What the task requires: Only one stretch of the listing below is wanted. Begin at the line that has "Lot 387 - George III mahogany linen press", stop after the line that has "A dainty minimalist", and repeat every line in between exactly.

Data listing:
+ + +
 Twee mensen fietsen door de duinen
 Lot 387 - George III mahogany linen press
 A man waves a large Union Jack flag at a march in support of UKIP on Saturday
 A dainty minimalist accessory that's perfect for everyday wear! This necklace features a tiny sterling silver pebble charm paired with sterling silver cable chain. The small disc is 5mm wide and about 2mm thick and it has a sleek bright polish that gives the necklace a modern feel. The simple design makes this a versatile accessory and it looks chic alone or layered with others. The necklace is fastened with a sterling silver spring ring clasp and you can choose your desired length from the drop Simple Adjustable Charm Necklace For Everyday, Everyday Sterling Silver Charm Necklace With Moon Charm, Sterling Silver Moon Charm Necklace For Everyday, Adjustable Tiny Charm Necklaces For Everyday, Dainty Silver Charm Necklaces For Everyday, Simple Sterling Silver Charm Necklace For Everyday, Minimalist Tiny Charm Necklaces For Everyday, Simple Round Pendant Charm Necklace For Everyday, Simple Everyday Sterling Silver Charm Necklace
+ + +
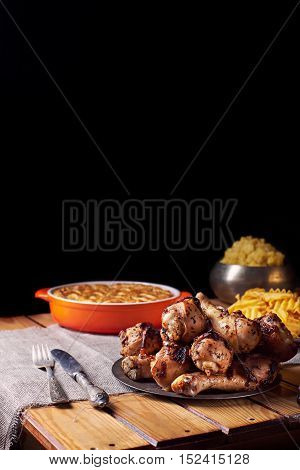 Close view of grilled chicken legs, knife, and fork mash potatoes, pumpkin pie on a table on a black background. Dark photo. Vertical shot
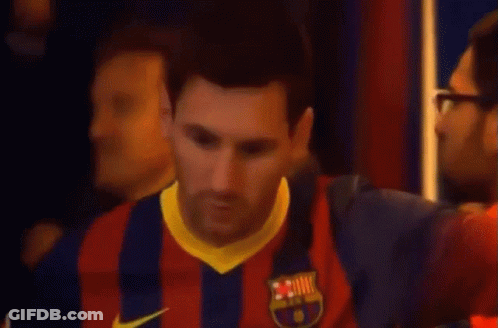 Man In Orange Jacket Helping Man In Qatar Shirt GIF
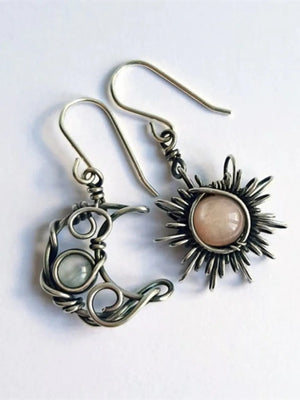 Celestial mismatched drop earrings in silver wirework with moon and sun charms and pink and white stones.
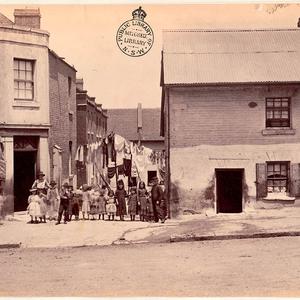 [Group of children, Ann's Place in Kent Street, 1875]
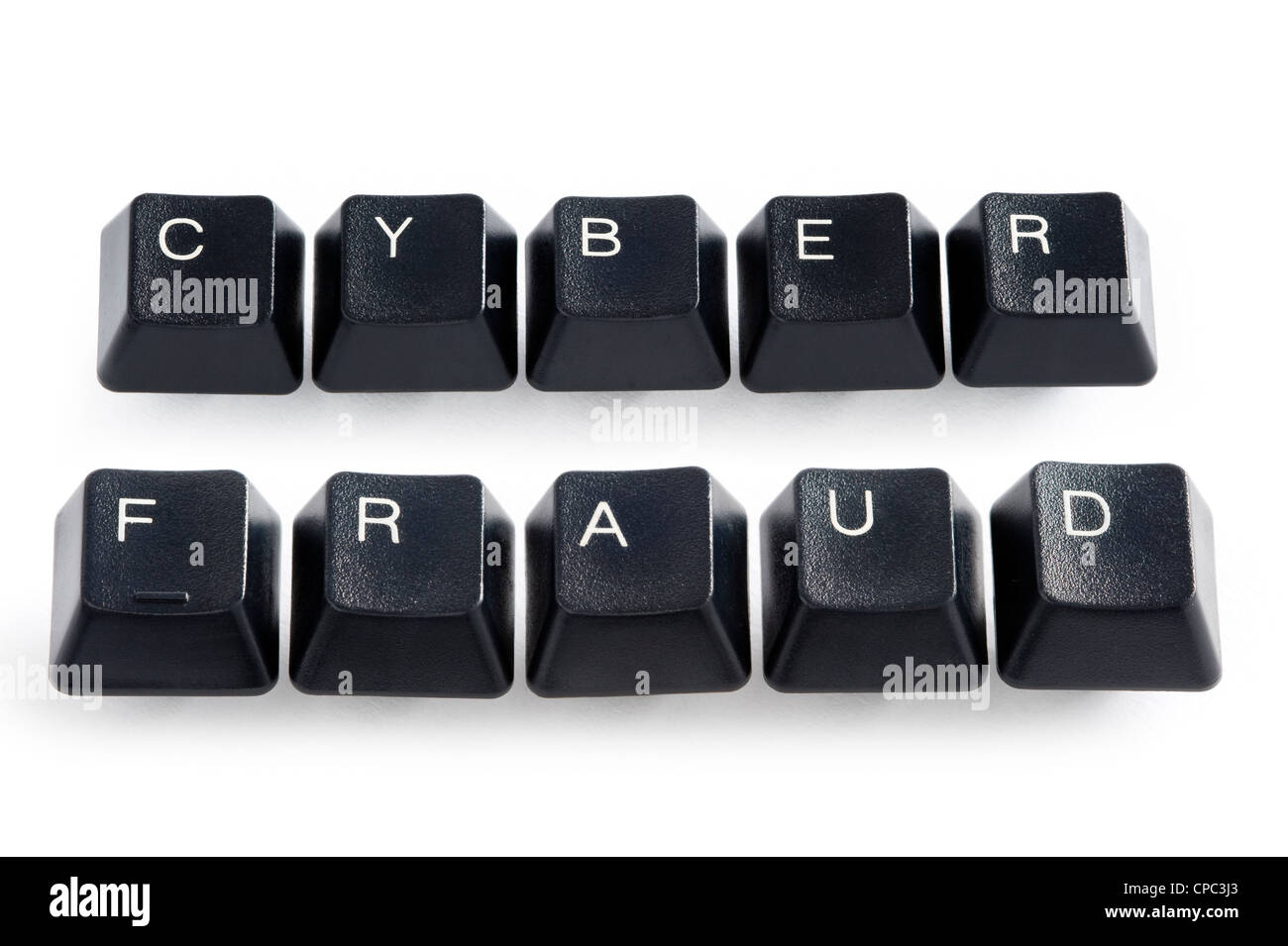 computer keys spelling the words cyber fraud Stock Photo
+ + +
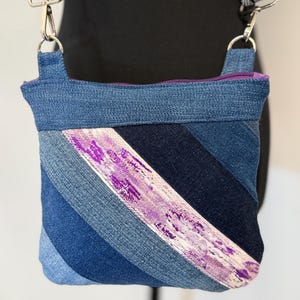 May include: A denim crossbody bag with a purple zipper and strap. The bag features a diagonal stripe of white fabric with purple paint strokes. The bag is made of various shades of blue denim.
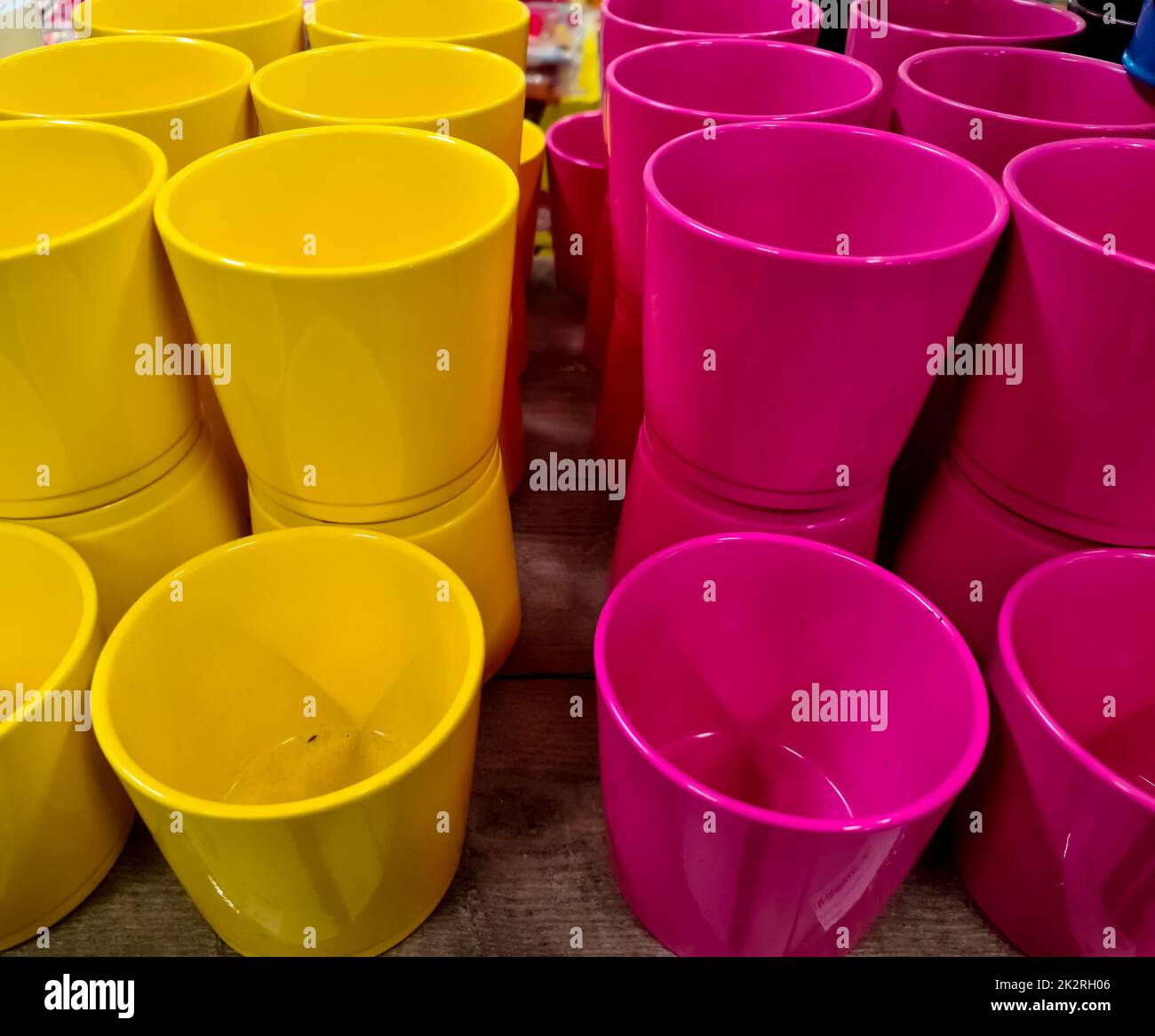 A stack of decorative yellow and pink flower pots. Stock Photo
+ + +
Written solution:
 Lot 387 - George III mahogany linen press
 A man waves a large Union Jack flag at a march in support of UKIP on Saturday
 A dainty minimalist accessory that's perfect for everyday wear! This necklace features a tiny sterling silver pebble charm paired with sterling silver cable chain. The small disc is 5mm wide and about 2mm thick and it has a sleek bright polish that gives the necklace a modern feel. The simple design makes this a versatile accessory and it looks chic alone or layered with others. The necklace is fastened with a sterling silver spring ring clasp and you can choose your desired length from the drop Simple Adjustable Charm Necklace For Everyday, Everyday Sterling Silver Charm Necklace With Moon Charm, Sterling Silver Moon Charm Necklace For Everyday, Adjustable Tiny Charm Necklaces For Everyday, Dainty Silver Charm Necklaces For Everyday, Simple Sterling Silver Charm Necklace For Everyday, Minimalist Tiny Charm Necklaces For Everyday, Simple Round Pendant Charm Necklace For Everyday, Simple Everyday Sterling Silver Charm Necklace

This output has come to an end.